Lo si legge in una intervista di Avvenire al Cardinale Sepe, il quale sottolinea che è “la legge della strada, in mancanza della legge della famiglia. E’ crisi economica? No! E’ crisi di valori. Di chi la responsabilità? Di tutti. Su tutta la società grava  il peccato di omissione”.

E a tale riguardo l’Arcivescovo riconosce che “anche la Chiesa, forse, in certi momenti si distrae e non dimostra tutta l’attenzione che dovrebbe rivolgere a coloro che sono lontani. Bisogna essere comunità sempre e cercare di coinvolgere tutti”.

Il Cardinale prosegue facendo riferimento alle “aree più precarie dove è maggiore il disagio, dove anche le condizioni ambientali stravolgono i sentimenti, il modo di pensare e di rapportarsi all’altro, il senso civico, il rispetto delle regole. Così, vivere sopra le righe o avere in dispregio la legge e sentirsi diversi dagli altri componenti della comunità per alcuni diventa una conseguenza quasi naturale, se non motivo di orgoglio”.

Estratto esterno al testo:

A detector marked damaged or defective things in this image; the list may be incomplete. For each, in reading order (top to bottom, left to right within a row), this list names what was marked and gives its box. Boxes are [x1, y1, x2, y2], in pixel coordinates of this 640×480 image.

Ma, “non possiamo piangerci addosso e forse non ne abbiamo neppure il diritto – sottolinea l’Arcivescovo – per questo ho detto che non serve recriminare o delegare altri, perché da soli non si va da nessuna parte. C’è bisogno di lavorare insieme e costruire una rete facendo ciascuno la propria parte”.

Da qui la proposta: “Ho proposto di costituire un Comitato permanente, come quello per l’ordine e la sicurezza pubblica, con la partecipazione delle istituzioni pubbliche, della chiesa, della scuola, del mondo accademico, dei soggetti rappresentativi dei genitori, delle famiglie, dei giovani. Una proposta accolta con positività da tutti. Vogliamo dimostrare ai giovani attenzione e vicinanza per difendere chi vive di valori e per recuperare coloro che si sono messi sulla strada sbagliata. Individuiamo i percorsi di una possibile prevenzione, che deve significare incontro, ascolto, accompagnamento, formazione”.

Intanto che il tavolo venga attivato, l’Arcivescovo si rivolge ai sacerdoti dell’Arcidiocesi: “Alzate il capo per vedere quello che succede sul territorio parrocchiale;  guardate oltre il quotidiano; cercate quei tantissimi altri giovani che si muovono in lontananza e andate loro incontro senza aspettare nelle sacrestie e negli oratori. La nostra deve essere una Chiesa autenticamente missionaria, che sappia educare e interessare, prima di catechizzare”.